In 1933, John Waterhouse, the president of Alexander &Baldwin, acting on behalf of Kauai shippers using Port Allen Harbor, urged the Board of Engineers for Rivers and Harbors (BERH) in Washington DC to recommend a $880,000 harbor improvement project for Port Allen, of which $200,000 would be funded by local interests.
Waterhouse’s goal was to transform Port Allen into an economical, protected, deep-draft harbor.
The project would encompass the construction of a breakwater, the deepening of the harbor, and the building of a pier that ships could tie to which would eliminate laborious and expensive lightering to and from shore and ship.
Specifically, the project called for a 1,200-foot, rubble-mound breakwater, the dredging of a 35-foot deep, 1,000 by 1,500-foot harbor basin and the dredging of an entrance channel 500 feet wide by 35-feet deep, as well as a new 500-foot pier.
Following the BERH’s recommendation, President Roosevelt’s Public Works Administration authorized construction in 1933.
Thereafter, bids were requested and Kauai Railway Co. was awarded the contract for construction of the breakwater, with the federal government carrying out dredging operations, and with E. E. Black, Ltd. being contracted to erect the pier.

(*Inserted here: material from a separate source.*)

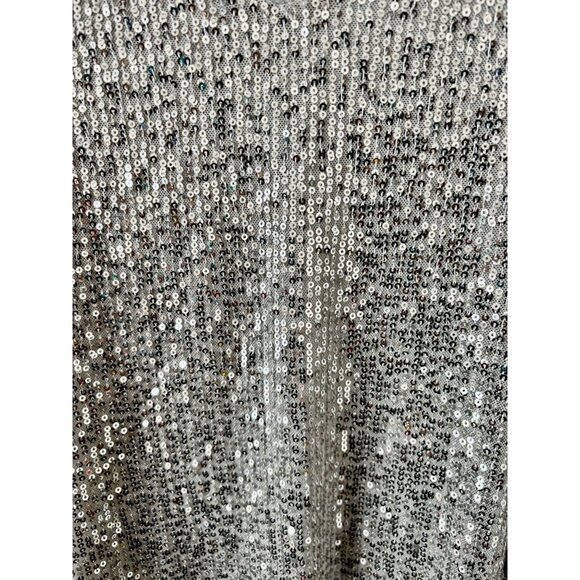 Torrid Tank Top SZ 0 Silver Sequin V-Neck Sparkly Going Out Festival Disco-core - Picture 10 of 10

Construction of the breakwater, which commenced in 1934, required the building of a macadamized road connecting the breakwater site with a quarry located over a mile away, over which 208,000 tons of rock were carried on six 9-ton dump trucks to complete the breakwater.
Additionally, more than 700 creosote piles were driven into the bay and about 1,200,000 feet of lumber were used in building the breakwater.
Equipment used included a 2-yard shovel, a 25-ton crane, two 20-ton traveling flat-bottomed barges and pile drivers.
A. A. Hartman, who built the Wailua Bridge and superintended work on breakwaters at Hilo and Lanai, was the breakwater superintendent.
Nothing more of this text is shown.